About
Barry’s passion for plants, particularly flowers, began at the same time as his first
memories. He toddled around the garden after his mother learning which weeds
to pull, the names of his favourite flowers and marvelling at their variety in form,
colour and fragrance.
In his teenage years Barry was an avid tramper and developed a botanical interest
in New Zealand’s unique flowering plants. “We have the world’s biggest fuchsia,
a tree up to four metres, which towers above the world’s smallest fuchsia, an
elegant groundcover.
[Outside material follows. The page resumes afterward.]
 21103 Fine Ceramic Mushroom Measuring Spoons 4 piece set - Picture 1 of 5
The snowy white clematis festooning the forest canopy in
spring is always a pleasure, as is our New Zealand Christmas tree, pohutukawa,
which flowers in a blaze of scarlet right on target. Flowers of the golden kowhai
are a knock-out in late spring. We claim several unique small orchids and, in the
off-shore Chatham Islands, the world’s largest, and most intensely blue, forgetme-
not.”
It was logical that Barry would train as a florist and, in doing so, his knowledge
of flowers and botany grew. He opened Barry’s Flower Shop in Christchurch, aged
22, had a radio programme, Doing flowers with Barry Ferguson, aged 23 and gave
classes in floral art.
But he was not always content in provincial New Zealand. He wondered if he
would ever see rhododendrons flowering in the Himalayas, bromeliads in the
rainforest of Brazil and the surreal cactus of Mexico’s dry deserts.
Barry left New Zealand in 1962 with a one way ticket to the world. He wanted
to see what grew along the road side, in farmers’ fields and foreign forests. He
especially wanted to visit classic gardens of the old world and get first-hand
experience of new and different approaches to garden design and floral art.
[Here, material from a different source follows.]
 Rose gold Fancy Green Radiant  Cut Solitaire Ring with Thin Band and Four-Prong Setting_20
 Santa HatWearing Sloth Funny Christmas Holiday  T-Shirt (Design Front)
A job offer in New York opened exciting challenges. Barry loved all the Big Apple
had to offer. With hard work, creativity and charm he soon had his own company,
J Barry Ferguson Flowers Ltd, and designed gardens and floral installations for
special events. David Rockefeller, Horst, Billy Joel, Malcom Forbes, Steven
Spielberg and many others of the New York high-fliers were his clients.
Never one to relax for long, when New York was frozen over, Barry joined
botanical tours to extraordinary places; Madagascar, Bhutan, China, South Africa
and, very often, to his beloved New Zealand.
After 32 years in full-on New York, a heart attack told him it was time to slow
down and go home. He returned to New Zealand and began creating an extensive
garden, filled with his favourite flowers, in Mahurangi, north of Auckland.
Barry is a marvellous raconteur and Flowers are my Passport is a pacey romp
through his life and his world of flowers.